自分を好きになれなくて苦しんでいる人に紹介したい。そして中高生にぜひとも読んでほしい。人生の荒波にもまれて立ちすくむとき、この本と出会えているかどうかで違ってくる可能性がある。
「日記の効用」などという軽薄なフレーズで表すのは憚られるのだが、あさましく言うとそういう本。日記を書くと、書き続けると、何が起こるか。
私はわりと長く書き続けているけど、そんなに深く書いてないことが多いのでもったいなかったなあ、と思わされた。
(日記の話はどっかでしたと思ってたけど、聖書通読の話と合わせてちょっとしただけだった……)
私のアナログ(手で書く)日記は1行~1ページ未満がほとんど。

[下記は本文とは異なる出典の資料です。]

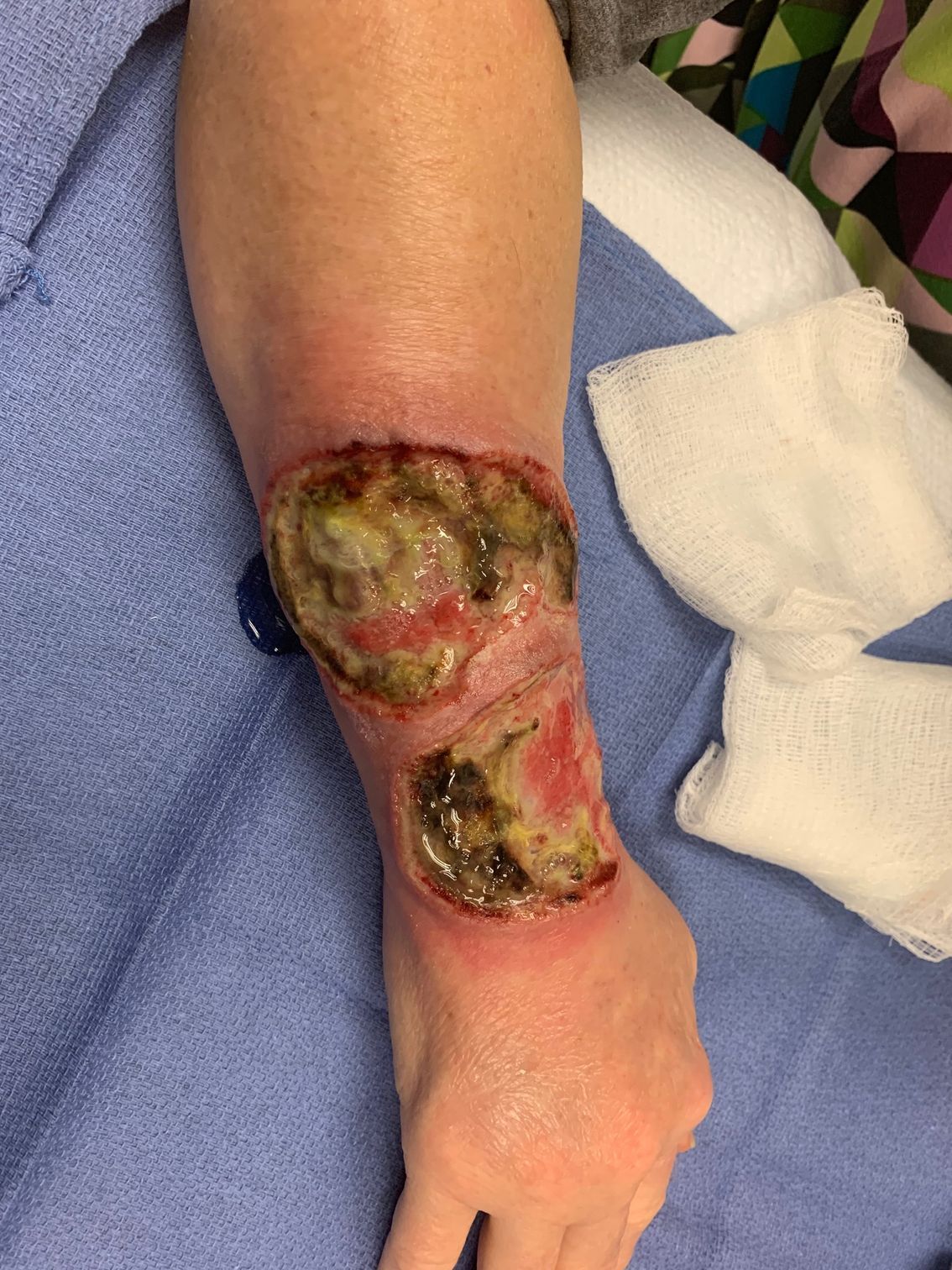 arm with open sores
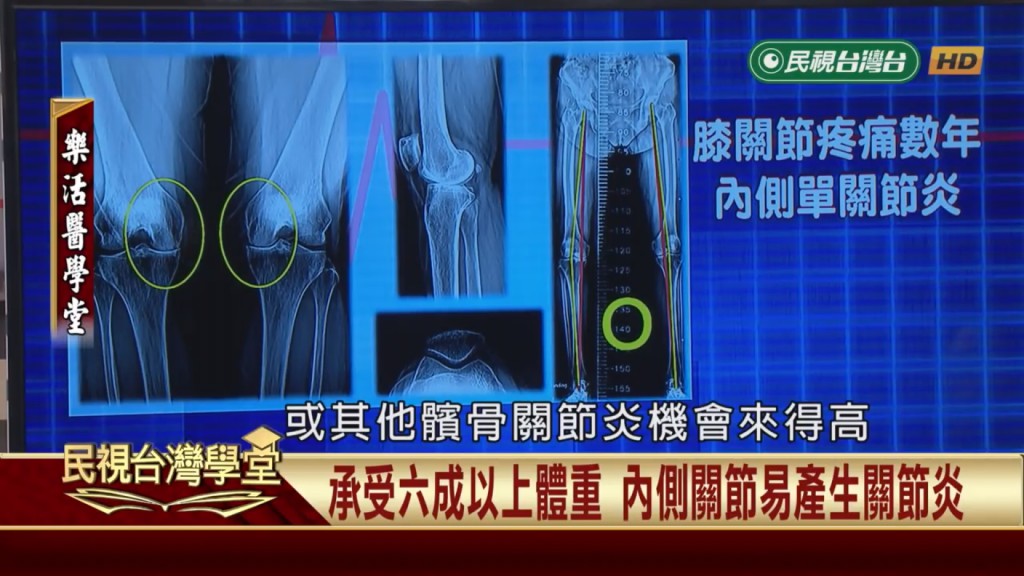走路膝蓋疼痛?關節炎不是老年人專屬!年輕人也要小心
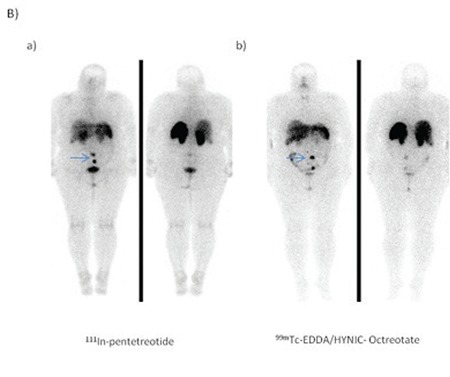 Figure 1-B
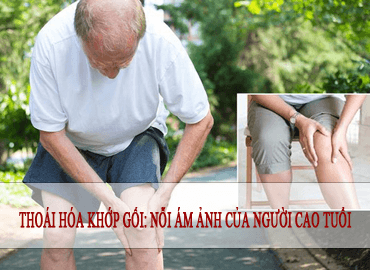Thoái hóa khớp gối: Nỗi ám ảnh của người cao tuổi
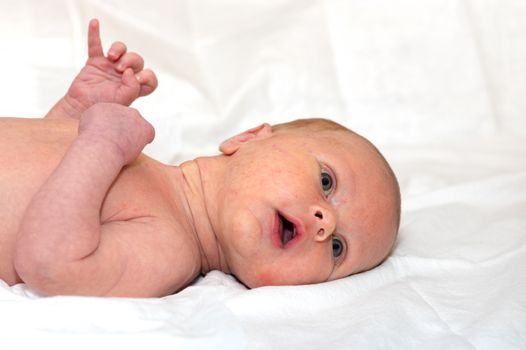 Close up shot of boy newborn jaundice lying on white bed sheet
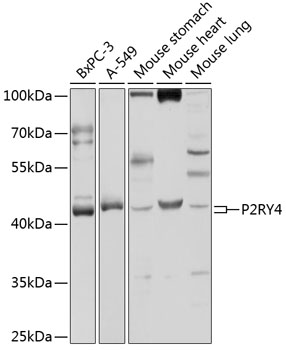 Western blot - P2RY4 Polyclonal Antibody 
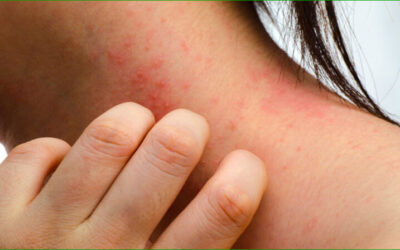 Eczéma : quel lien avec la symbolique psychologique et émotionnelle ?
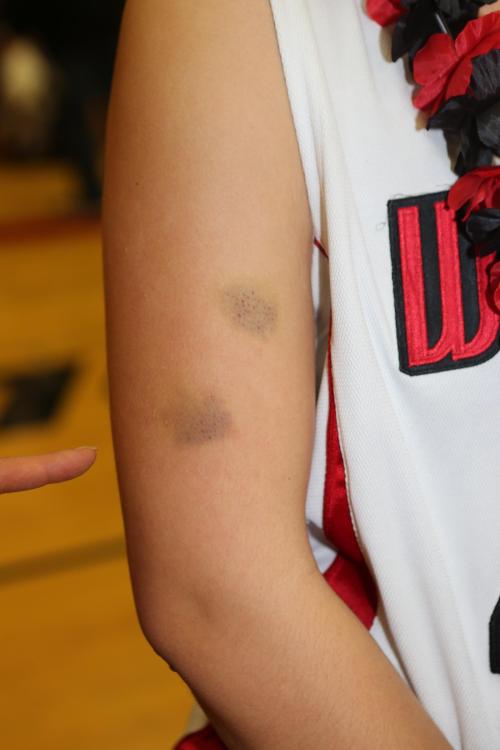 Bessie Walstad sports war wounds. (John Fisken photo)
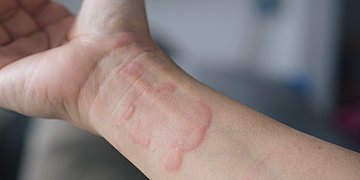 Nesselsucht Ein Unterarm mit rötlichen Quaddeln.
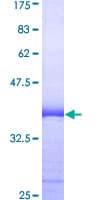 Human SRSF10 / FUSIP1 Protein (Recombinant GST, N-terminus)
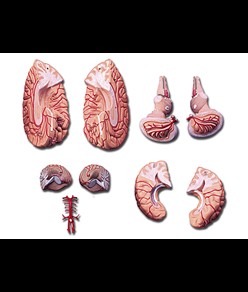 Modello cervello con arterie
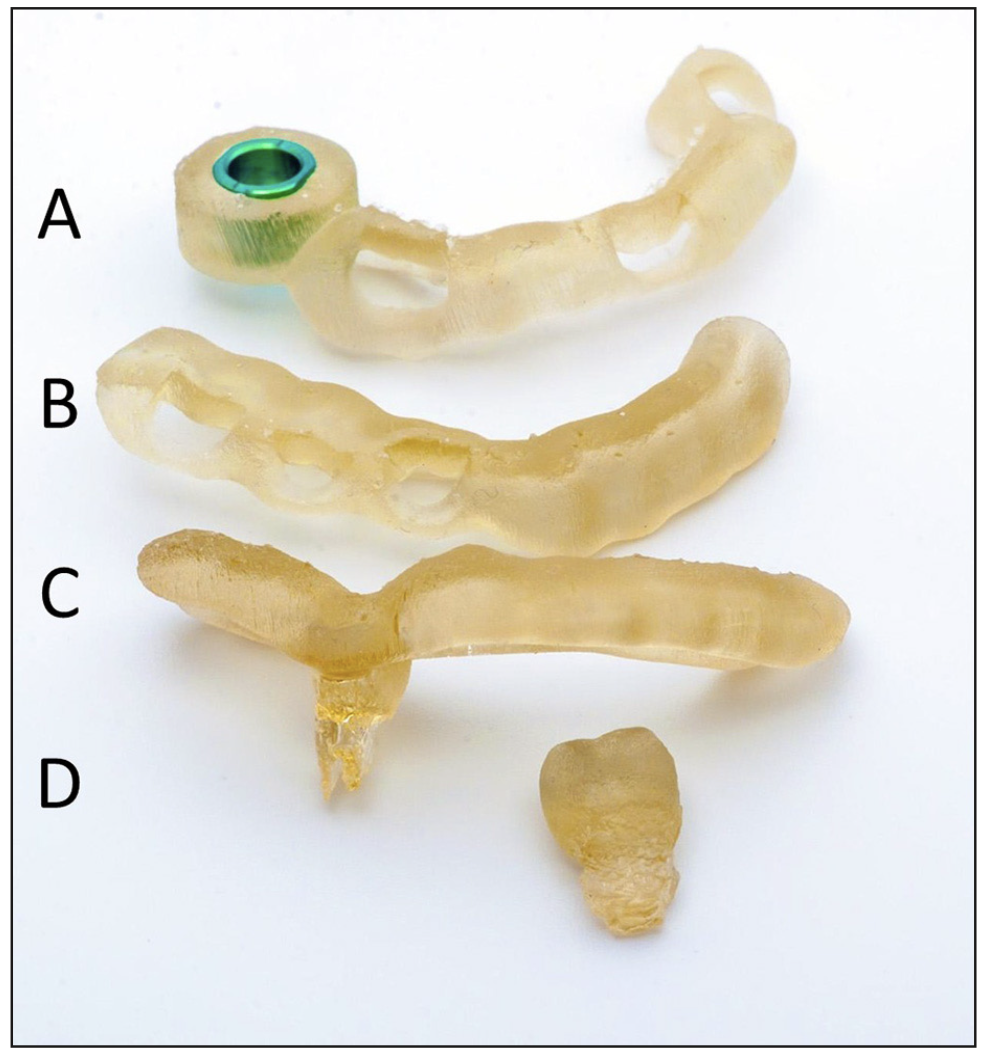 Figura 4. Impresiones 3D: (A) Guía para fresado de lecho receptor / (B) Guía para ferulización de diente donante / (C) Guía para comprobación de CARP en lecho receptor / (D) CARP.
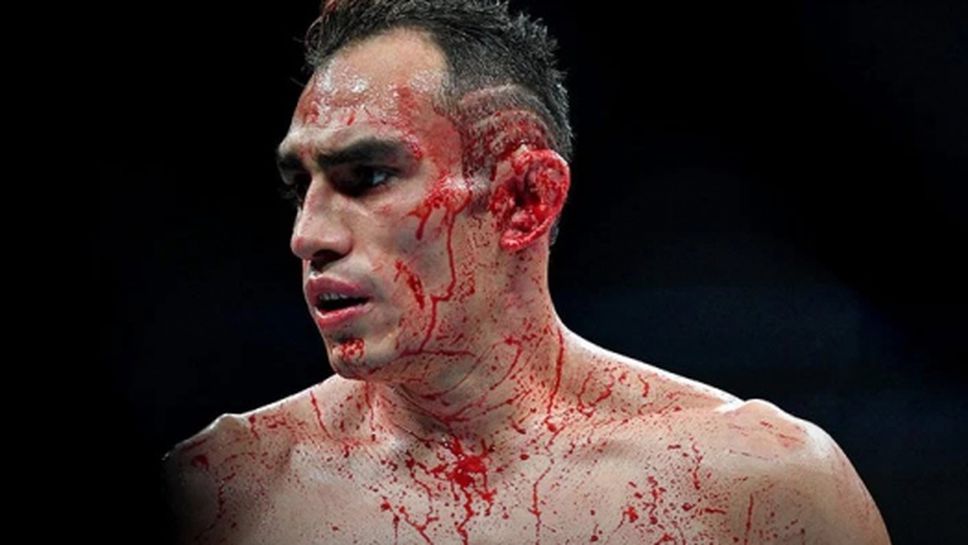 Тони Фъргюсън преби жена си и бе арестуван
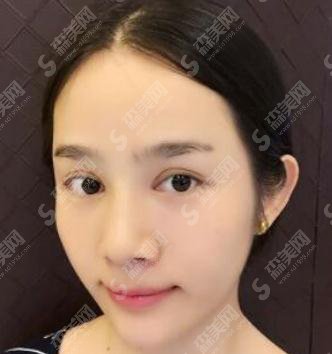 九院美白价格,2021价目表公布,内含美白案例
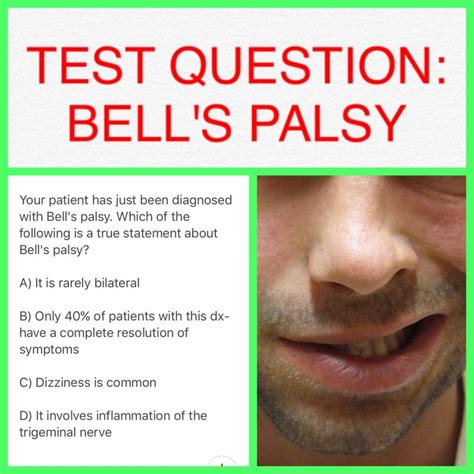 testing for bell's palsy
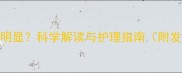 婴儿头盖骨骨缝明显科学解读与护理指南附发育指标对照表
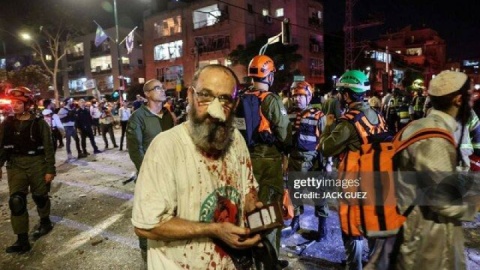 زخمی شدن ۶۳ صهیونیست در حملات موشکی ایران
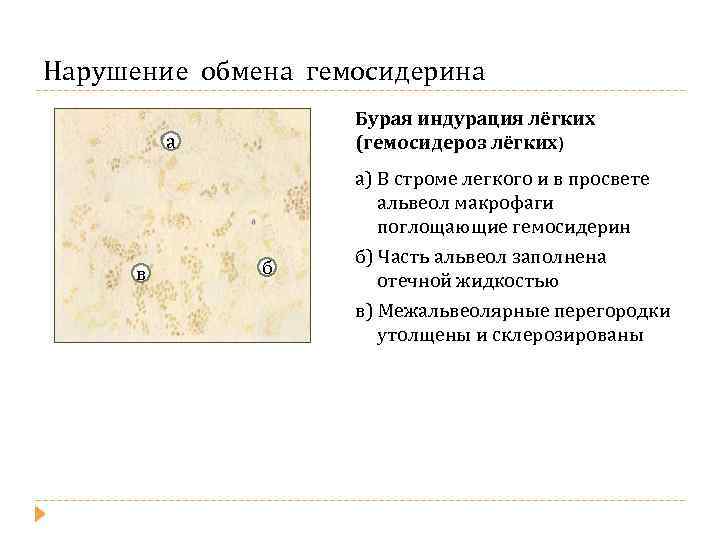 Нарушение обмена гемосидерина Бурая индурация лёгких (гемосидероз лёгких) а в б а) В строме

たまにすごく書きたいとき2ページくらいになる。1行だと「マジで湿度つらいんだけどもういいかげん夏終わらんかな」「~の仕事ようやく終わった! おなかかゆいんだけど乾燥のせい?」みたいなのになる。即物的である。
でも本書ですすめられている日記は、「後で自分が読み返したくなる日記」。本気で取り組むと、毎晩たいへんな時間がかかりそう……でも、週に一度でもしっかり腰を据えて書けるといいなあ。
書かれてあることの多くは、既になんとなくわかっていることだった。
書くことを通じて考える。
言葉にすることの喜び。
日記とはその日の出来事ではなく「その日何を思ったのか」を書くもの。
――「なんとなくわかっていること」だったけど、誰かに改めて言葉にして表現してもらえると心強い。
もちろん、「おお!」と目が開かれる内容も多かった。
「考える」は「答えを出そうとすること」。そして、「すべての文章は『その時点での答え』」だということ。
「答え」をはっきり出すことがいかなる場合にも重要であるとは私は思わない。「答え」を決めずにモヤモヤした気持ちをそのまま持っているのも一つの強さだと思う。でも、言葉にすることを怠ってばかりではいけないとも思う。
ネガティブな感情とうまく距離を置くためには過去形を用いる、あるいは「私」を三人称に変える、というのも素晴らしい。
「〇〇に~と言われて私は悲しい」
↓
「〇〇に~と言われて茶ぶどうは悲しい、と思った」
こんな感じ。おお。悲しみの感情と距離ができたぞ。この技術はいつでも使えるようにしよう。
他にも、書く際のヒント、そして中学・高校、その先の人間社会をsurviveするためのヒントがそこかしこにある本。小学生から読めるつくりだが、「わかってるつもり」の大人も読むと発見があるからおすすめ。特にnoteを日常的に書いている人は「これからも書いていきたい」「もっと書きたい」「今度はこんなふうに書いてみたい」などの励まし・示唆を得られるのでは。
私の場合、まさにnoteが本書の言う「日記」に近いものになっていると思った。「誰にも見せない自分だけの書き物」ではないが、評価を気にして書いていない(学校の提出物や会社で作成する文章ではない)という点において、「そのときの自分」がとてもよく表れている。あとで読み返すと楽しい。
あるいは、読書ノートもそうかもしれない。こちらは本当に人に見せないもの。
なお、『さみしい夜にはペンを持て』を以って、読書ノートは42冊目に入った。